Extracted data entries

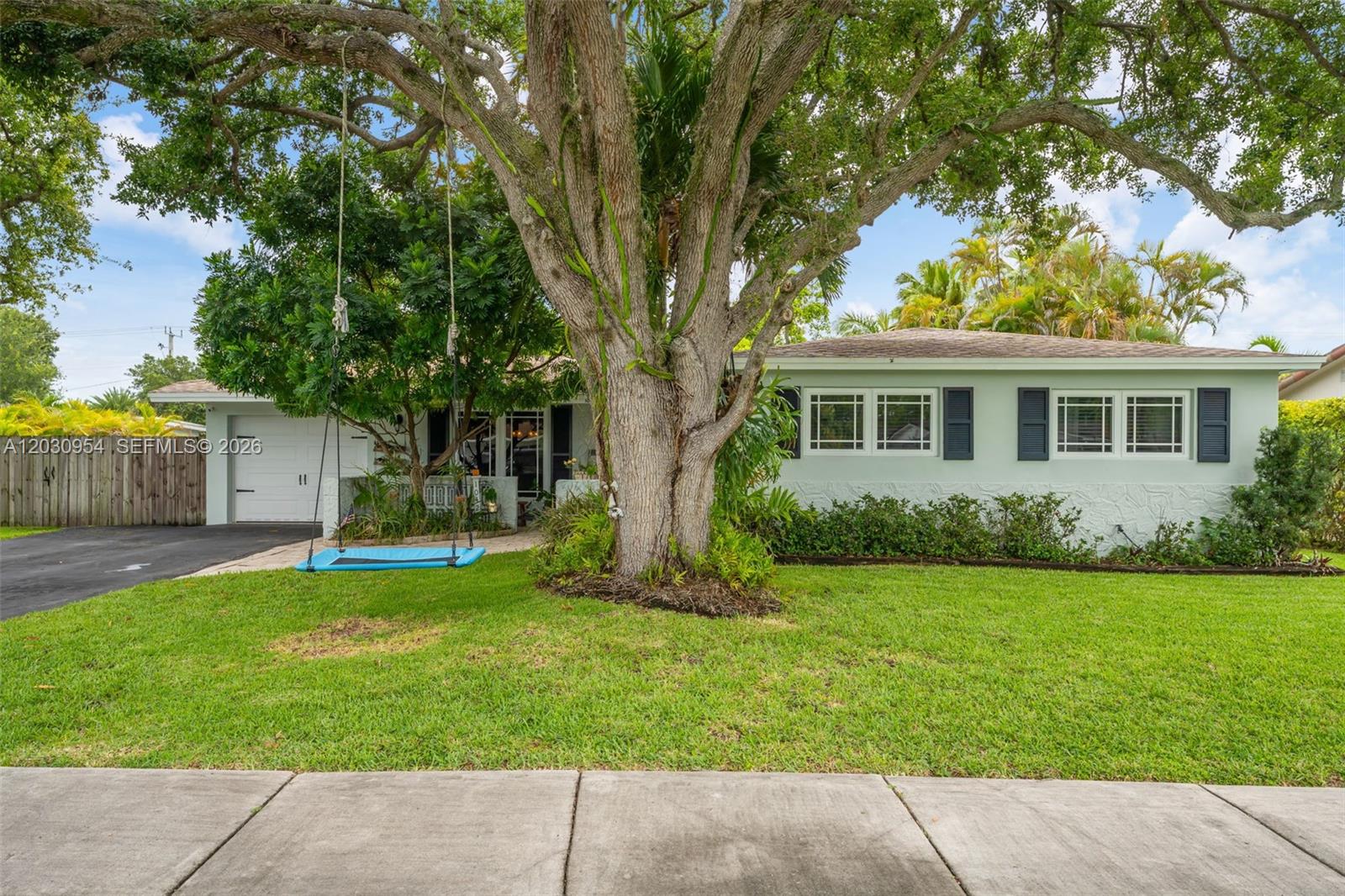 10421 SW 107th St Miami, FL 33176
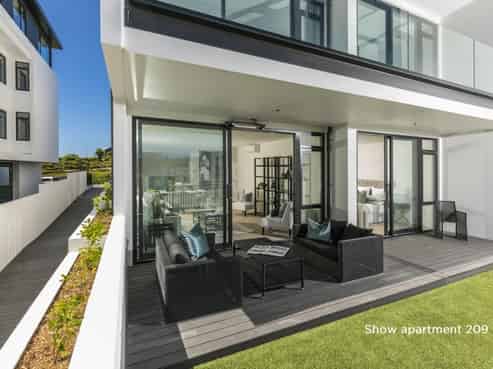 1-7 Cavalli Road, Long Bay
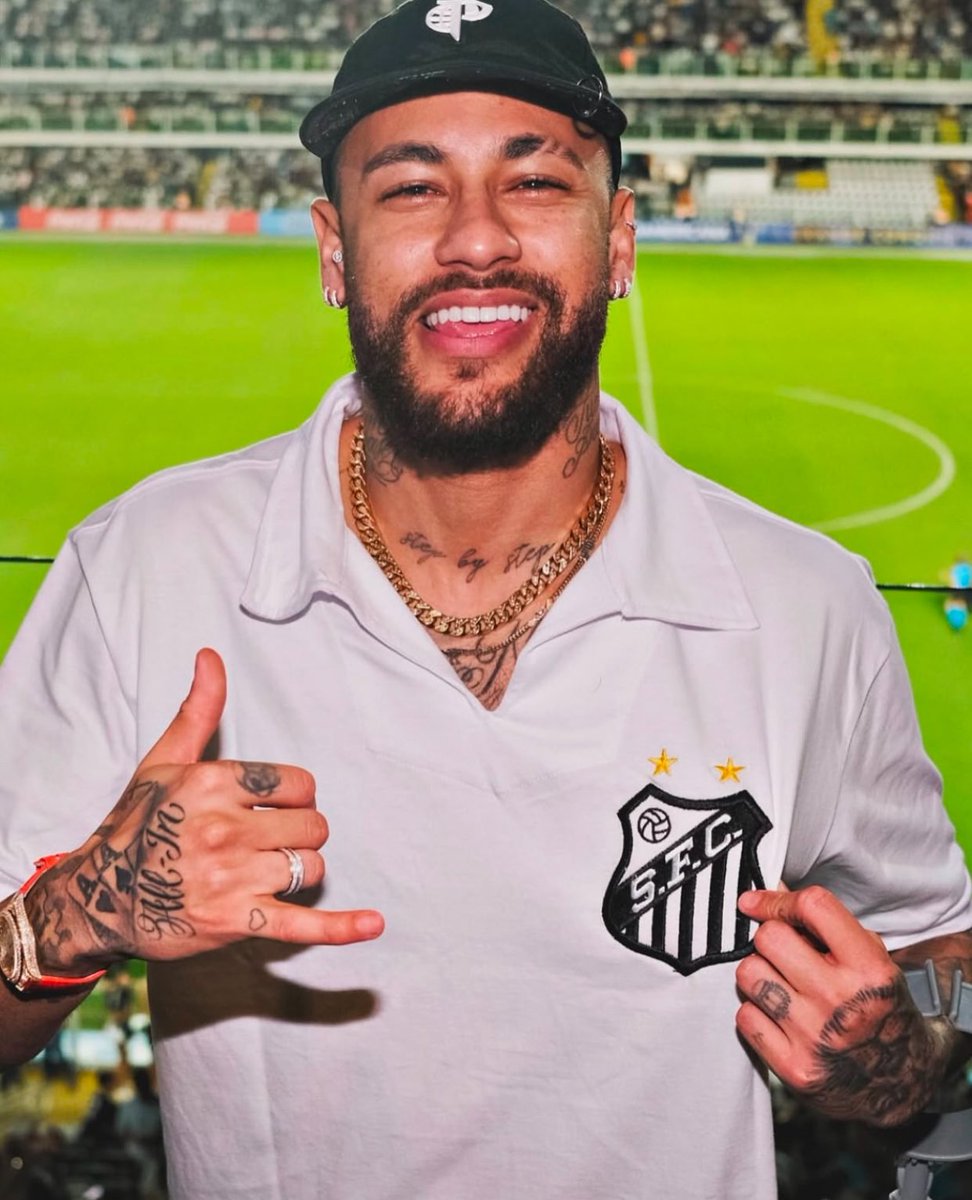 AlimSports_'s tweet photo. 🚨 DE ÚLTIMO MINUTO 🚨

¡OFICIAL! - Neymar Jr. ya está en Brasil. El Al-Hilal ha aceptado la oferta del club brasileño para que Neymar vuelva a casa; donde todo comenzó. 

¡¡NEYMAR DE VUELTA AL SANTOS!! 🤍🖤 #neymarjr #SantosFC https://t.co/Udm3yG9b9T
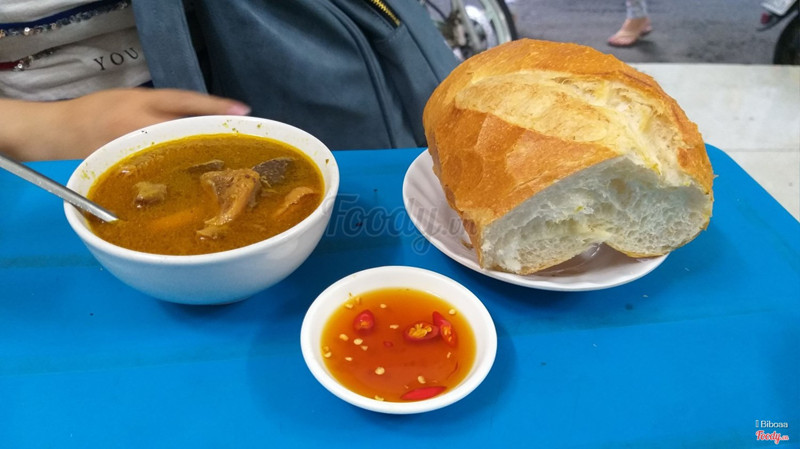 Phá Lấu Bánh Mì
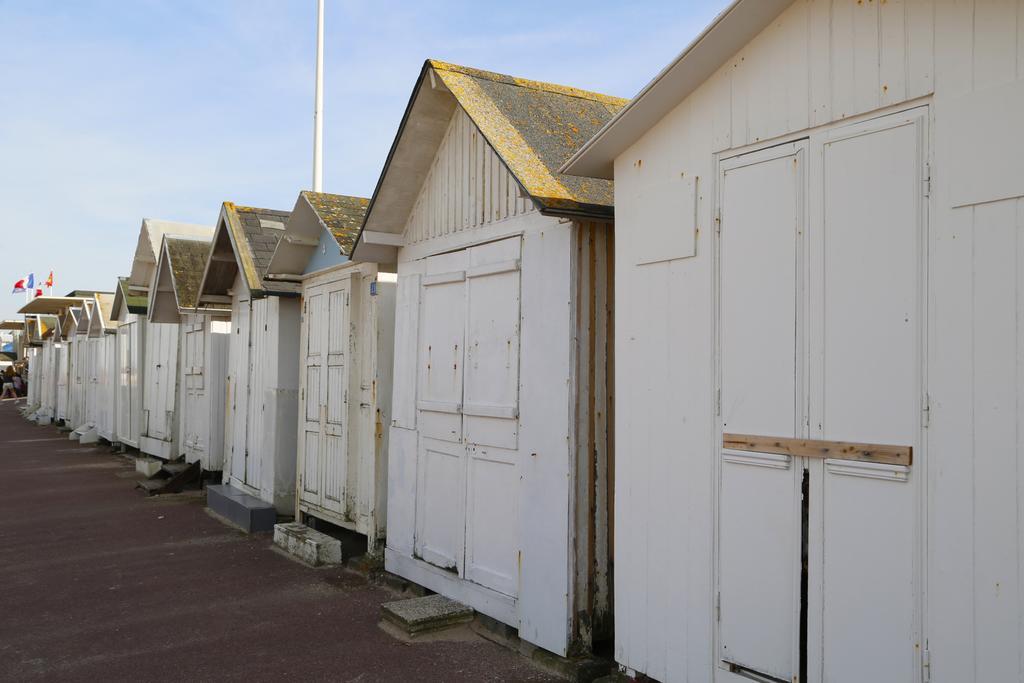 Maison Studios & Appartements Les 4 Vents Luc-sur-Mer Eksteriør billede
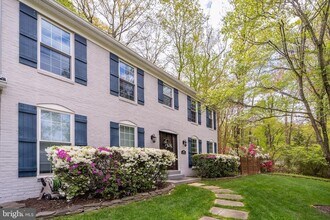 2235 Abbotsford Dr in Vienna, VA - Building Photo - Building Photo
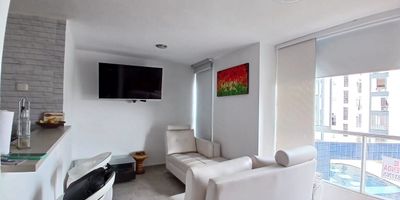 Apartamento en Arriendo en unidad cerrada en condina cerca a supermercados de cadena,  centros comerciales, rutas de transporte publico y servicios complementarios, cuenta con dos habitaciones y dos baños, sala-comedor, hall de alcobas, estufa y calentador a gas, cocina integral mesón en granito,  zona de ropas. La unidad cuenta con piscina, gimnasio, salón comunal, parques infantiles, placa polideportiva y un parqueadero descubierto, portería y vigilancia las 24 Horas. Inmuebles sujetos a verificación de disponibilidad.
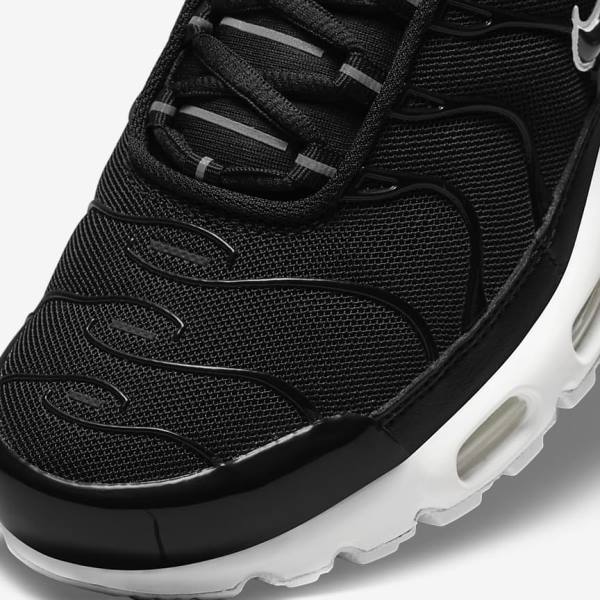 Women's Nike Air Max Plus Sneakers Black / White | NK725UYD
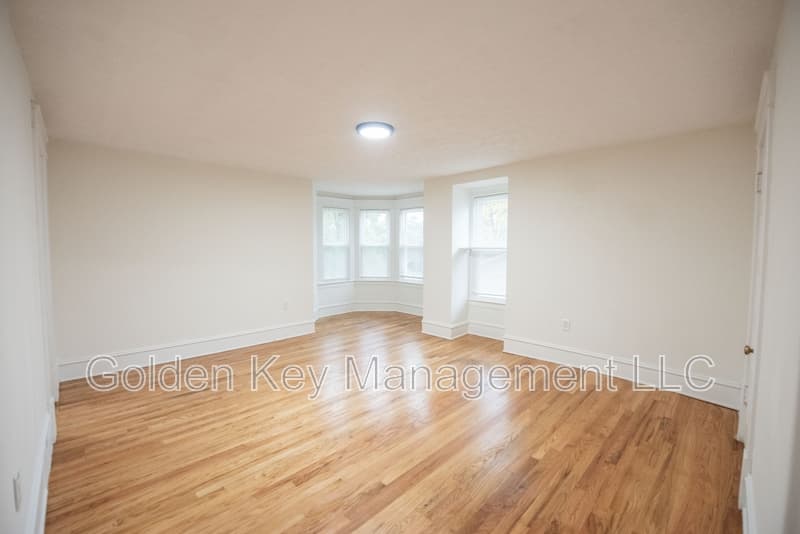 North Olmsted Condo: 5195 Dover Center Road - 2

Action item: Leaving out each picture, repeat exactly the lines above from the one that contains "#neymarjr #SantosFC https://t.co/Udm3yG9b9T" through the one that contains "Apartamento en Arriendo".

Reply to the task:
¡¡NEYMAR DE VUELTA AL SANTOS!! 🤍🖤 #neymarjr #SantosFC https://t.co/Udm3yG9b9T
 Phá Lấu Bánh Mì
 Maison Studios & Appartements Les 4 Vents Luc-sur-Mer Eksteriør billede
 2235 Abbotsford Dr in Vienna, VA - Building Photo - Building Photo
 Apartamento en Arriendo en unidad cerrada en condina cerca a supermercados de cadena,  centros comerciales, rutas de transporte publico y servicios complementarios, cuenta con dos habitaciones y dos baños, sala-comedor, hall de alcobas, estufa y calentador a gas, cocina integral mesón en granito,  zona de ropas. La unidad cuenta con piscina, gimnasio, salón comunal, parques infantiles, placa polideportiva y un parqueadero descubierto, portería y vigilancia las 24 Horas. Inmuebles sujetos a verificación de disponibilidad.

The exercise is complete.